Being a Viiv PC, the 5150c includes the Windows XP Media Center Edition operating system. This lets you access all your digital images, movies and music files via a single, easy-to-use interface.
Its 250GB hard drive provides plenty of space to stockpile over 200 hours of high-quality video. A 500GB drive is available for extreme Napster junkies, but only one internal hard drive can be installed in the 5150c at any given time.
Despite its abundance of disk space and unabashed multimedia focus, the 5150c lacks a TV tuner. This omission is strange in any Media Center PC, but seems even more bizarre considering our review sample comes with a Dell 2405FPW 24-inch widescreen TFT monitor (a £458 premium on a standard 19-inch flat-panel monitor). Dell doesn't offer a tuner as part of the customisation process, but there is one on their Web site available separately for £78, although at time of publication it had seemingly disappeared.
The screen is undeniably impressive and has a height-adjustable base, a swivel function so you can use it in portrait or landscape orientation, and a picture-in-picture (PIP) mode, so you can view two separate video sources simultaneously.

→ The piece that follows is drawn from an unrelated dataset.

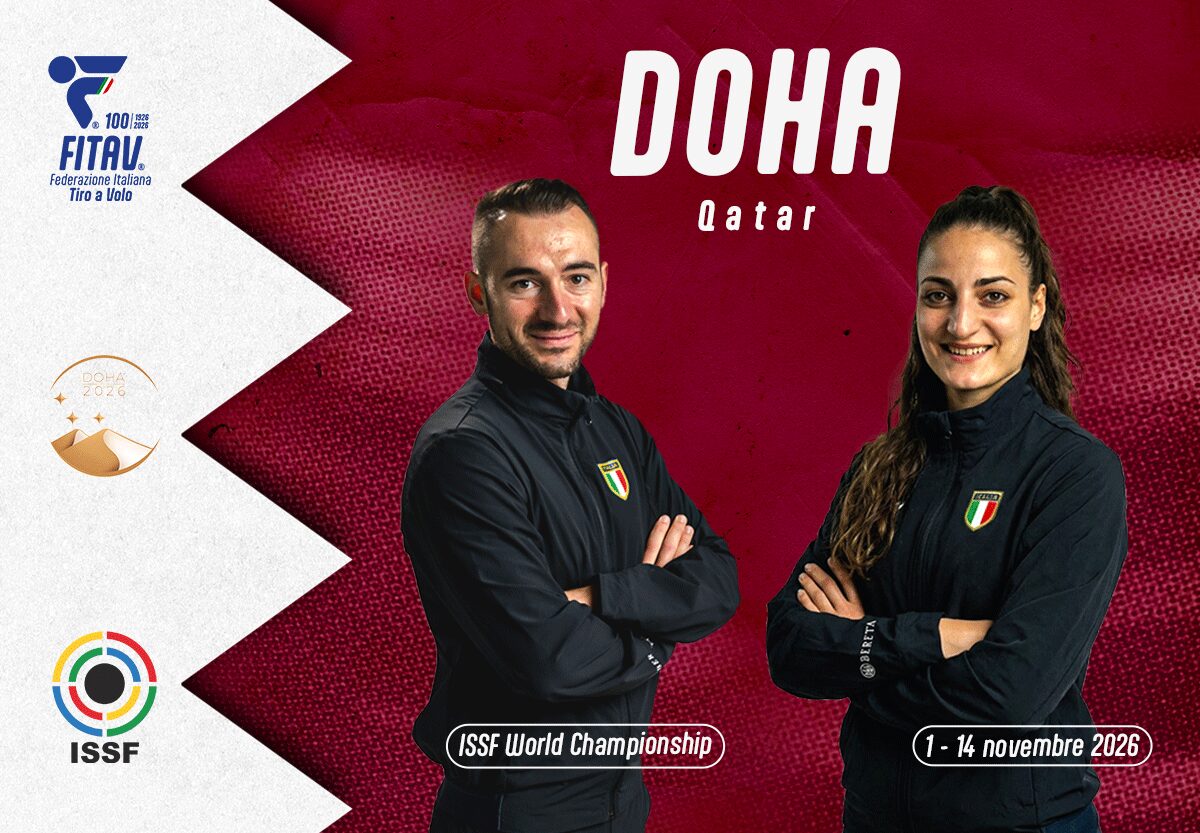 Italy shooting teams head to Doha for LA 2028 quotas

It runs at a very high native resolution of 1,900x1,200 pixels, and though it can't quite play high-definition movies at 1,080p -- the highest commercial video resolution -- it'll happily run 720p content.

Performance
The 5150c offers impressive performance when running everyday applications. It scored a respectable 3,241 in PCMark 2005, which isn't bad for a mid-range small form-factor PC.
Gaming performance was far less inspiring. Its integrated Radeon X600 SE graphics card racked up a pathetic 587 in 3DMark 2005, and only managed to run Doom 3 at 8fps. If you're a keen gamer, we recommend you look elsewhere.
The speed of the 5150c's optical drive is also questionable. It took approximately 13 minutes to transfer 4GB of data between from a DVD disc and the hard drive -- a fact we attributed to the drive's laptop heritage.